Although the bleeding was apparently not severe enough to tilt the balance when it came to rehospitalization, “our findings underscore the need for further study of postprocedural outcomes in the freestanding setting,” they say, “especially as ASCs may not always be staffed to manage problems like early hematoma formation that could otherwise be observed overnight under outpatient status in a hospital.”
This is especially true given that the current data set lacked details such as whether procedures involved radial access and whether complications arose directly from the index PCI, the investigators note.
A ‘Pivot Point’
Referring to the ASC shift, editorialist Gregory J. Dehmer, MD (Virginia Tech Carilion School of Medicine, Roanoke), poses the question: “Is this setting for PCI a bridge too far?”
It may simply be a “next logical step” in the field’s evolution, following developments like same-day discharge as well better stents, pharmacotherapy, and procedural techniques, he suggests. “Those years of progress now deliver us at the doorstep of PCI in ASCs.”
Li and colleagues’ findings “should be a warning, not necessarily to stop or change course, but rather to proceed with caution,” Dehmer urges, adding that quality control and data collection are crucial.
Similarly, Jones observed that while the idea of ASCs is “great,” key in their success will be “execution and implementation.”

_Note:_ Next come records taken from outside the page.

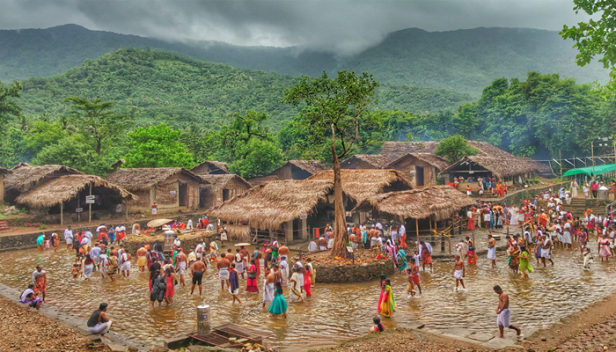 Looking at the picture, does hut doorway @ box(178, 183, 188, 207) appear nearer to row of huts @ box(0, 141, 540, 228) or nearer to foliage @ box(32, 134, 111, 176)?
row of huts @ box(0, 141, 540, 228)

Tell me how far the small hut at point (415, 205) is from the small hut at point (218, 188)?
16704mm

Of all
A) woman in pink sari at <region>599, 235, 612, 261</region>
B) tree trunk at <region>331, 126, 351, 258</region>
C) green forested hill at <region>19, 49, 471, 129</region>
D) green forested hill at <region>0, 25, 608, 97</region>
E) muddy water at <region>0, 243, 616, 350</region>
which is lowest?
muddy water at <region>0, 243, 616, 350</region>

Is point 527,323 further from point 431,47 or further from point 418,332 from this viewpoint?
point 431,47

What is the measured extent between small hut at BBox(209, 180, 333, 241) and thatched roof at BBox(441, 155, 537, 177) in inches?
603

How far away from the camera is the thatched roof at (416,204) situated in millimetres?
19484

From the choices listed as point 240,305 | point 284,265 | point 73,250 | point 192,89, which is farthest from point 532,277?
point 192,89

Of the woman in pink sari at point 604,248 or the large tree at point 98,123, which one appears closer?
the woman in pink sari at point 604,248

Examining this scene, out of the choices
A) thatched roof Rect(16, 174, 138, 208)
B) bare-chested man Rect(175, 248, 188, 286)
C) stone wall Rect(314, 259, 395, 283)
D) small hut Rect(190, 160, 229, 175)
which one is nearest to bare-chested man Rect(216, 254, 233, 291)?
bare-chested man Rect(175, 248, 188, 286)

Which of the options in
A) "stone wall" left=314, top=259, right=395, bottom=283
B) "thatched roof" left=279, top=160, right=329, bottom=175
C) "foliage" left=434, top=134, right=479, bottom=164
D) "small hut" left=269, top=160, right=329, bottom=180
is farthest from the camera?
"small hut" left=269, top=160, right=329, bottom=180

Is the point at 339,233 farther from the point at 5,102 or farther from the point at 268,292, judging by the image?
the point at 5,102

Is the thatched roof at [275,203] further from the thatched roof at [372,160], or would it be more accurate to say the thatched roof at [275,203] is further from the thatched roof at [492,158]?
the thatched roof at [372,160]

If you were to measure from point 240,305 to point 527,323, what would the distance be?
7.37 m

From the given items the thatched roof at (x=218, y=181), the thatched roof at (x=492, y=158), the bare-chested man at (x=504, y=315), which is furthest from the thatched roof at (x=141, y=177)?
the bare-chested man at (x=504, y=315)

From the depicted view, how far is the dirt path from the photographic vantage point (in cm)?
900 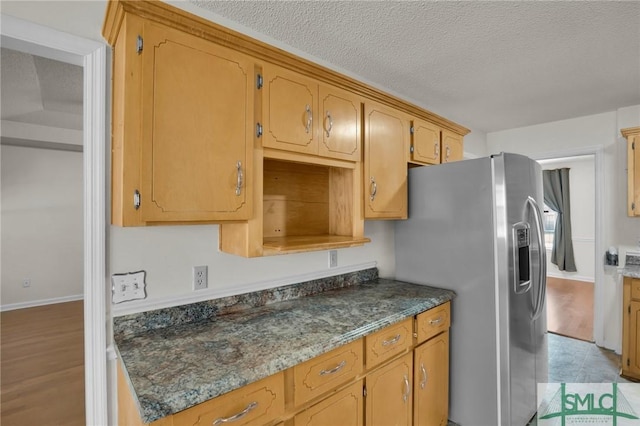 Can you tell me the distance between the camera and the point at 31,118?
157 inches

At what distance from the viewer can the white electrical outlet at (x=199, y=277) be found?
5.09 feet

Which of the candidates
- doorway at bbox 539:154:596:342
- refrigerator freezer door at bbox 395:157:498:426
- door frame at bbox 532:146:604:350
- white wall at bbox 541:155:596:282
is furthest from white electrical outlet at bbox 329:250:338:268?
white wall at bbox 541:155:596:282

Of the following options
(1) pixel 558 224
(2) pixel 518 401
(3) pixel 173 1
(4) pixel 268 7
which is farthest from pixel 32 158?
(1) pixel 558 224

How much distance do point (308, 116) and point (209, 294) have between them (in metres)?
1.06

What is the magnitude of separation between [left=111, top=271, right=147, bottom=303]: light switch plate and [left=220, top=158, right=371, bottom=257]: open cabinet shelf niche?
2.04 ft

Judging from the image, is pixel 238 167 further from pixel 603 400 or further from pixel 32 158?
pixel 32 158

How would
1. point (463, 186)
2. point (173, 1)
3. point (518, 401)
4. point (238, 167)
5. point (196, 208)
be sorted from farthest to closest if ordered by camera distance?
point (463, 186)
point (518, 401)
point (173, 1)
point (238, 167)
point (196, 208)

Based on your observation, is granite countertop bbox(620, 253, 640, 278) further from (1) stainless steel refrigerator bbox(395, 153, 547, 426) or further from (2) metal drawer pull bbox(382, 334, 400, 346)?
(2) metal drawer pull bbox(382, 334, 400, 346)

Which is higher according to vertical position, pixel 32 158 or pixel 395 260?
pixel 32 158

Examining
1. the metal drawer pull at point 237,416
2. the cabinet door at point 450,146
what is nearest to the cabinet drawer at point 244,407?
the metal drawer pull at point 237,416

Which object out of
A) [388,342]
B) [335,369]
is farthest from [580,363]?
[335,369]

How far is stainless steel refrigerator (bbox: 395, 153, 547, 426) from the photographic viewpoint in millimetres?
1824

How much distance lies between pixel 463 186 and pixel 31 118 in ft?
16.9

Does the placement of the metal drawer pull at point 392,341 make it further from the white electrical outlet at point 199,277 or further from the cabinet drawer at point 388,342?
the white electrical outlet at point 199,277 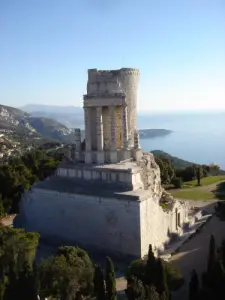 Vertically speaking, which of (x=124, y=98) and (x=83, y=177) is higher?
(x=124, y=98)

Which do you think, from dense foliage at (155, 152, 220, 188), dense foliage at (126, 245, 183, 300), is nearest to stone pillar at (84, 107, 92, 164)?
dense foliage at (126, 245, 183, 300)

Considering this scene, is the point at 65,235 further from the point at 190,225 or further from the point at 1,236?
the point at 190,225

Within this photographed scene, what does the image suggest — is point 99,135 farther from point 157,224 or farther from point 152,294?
point 152,294

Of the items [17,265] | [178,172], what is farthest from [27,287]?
[178,172]

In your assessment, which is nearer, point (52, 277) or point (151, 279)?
point (151, 279)

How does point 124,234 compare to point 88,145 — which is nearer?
point 124,234

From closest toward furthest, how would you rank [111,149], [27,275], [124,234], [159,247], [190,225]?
[27,275]
[124,234]
[159,247]
[111,149]
[190,225]

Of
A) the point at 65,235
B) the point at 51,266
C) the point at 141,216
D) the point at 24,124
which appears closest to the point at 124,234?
the point at 141,216

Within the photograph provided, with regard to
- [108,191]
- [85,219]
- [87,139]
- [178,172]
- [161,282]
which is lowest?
[161,282]

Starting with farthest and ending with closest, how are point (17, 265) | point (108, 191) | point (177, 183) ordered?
1. point (177, 183)
2. point (108, 191)
3. point (17, 265) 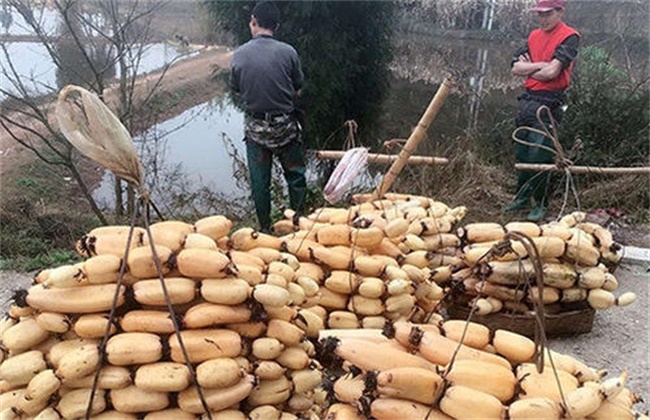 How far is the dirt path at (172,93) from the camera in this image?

For now, said Box, operators should take steps to reduce bleeding—first and foremost, radial access. If femoral access is expected, consider doing the procedure in a hospital environment. And if femoral access is used in the ASC setting, don’t always count on closure devices, he advised. “Think about alternative approaches of how you might get people to early discharge, or start your femoral cases at an earlier time so that you could do manual compression if necessary.”
Jones, describing the 2020 CMS shift as a “pivot point,” emphasized it comes down to knowing which cases should be done where, and by whom: “Deliver the right service to the right patient at the right place by the right person.”
Li K, Kalwani NM, Heidenreich PA, Fearon WF. Elective percutaneous coronary intervention in ambulatory surgery centers. J Am Coll Cardiol Intv. 2020;Epub ahead of print.
Dehmer GJ. Elective percutaneous coronary intervention in ambulatory surgery centers: is this a bridge too far? J Am Coll Cardiol Intv. 2020;Epub ahead of print.
- Li, Box, Jones, and Dehmer report no relevant conflicts of interest.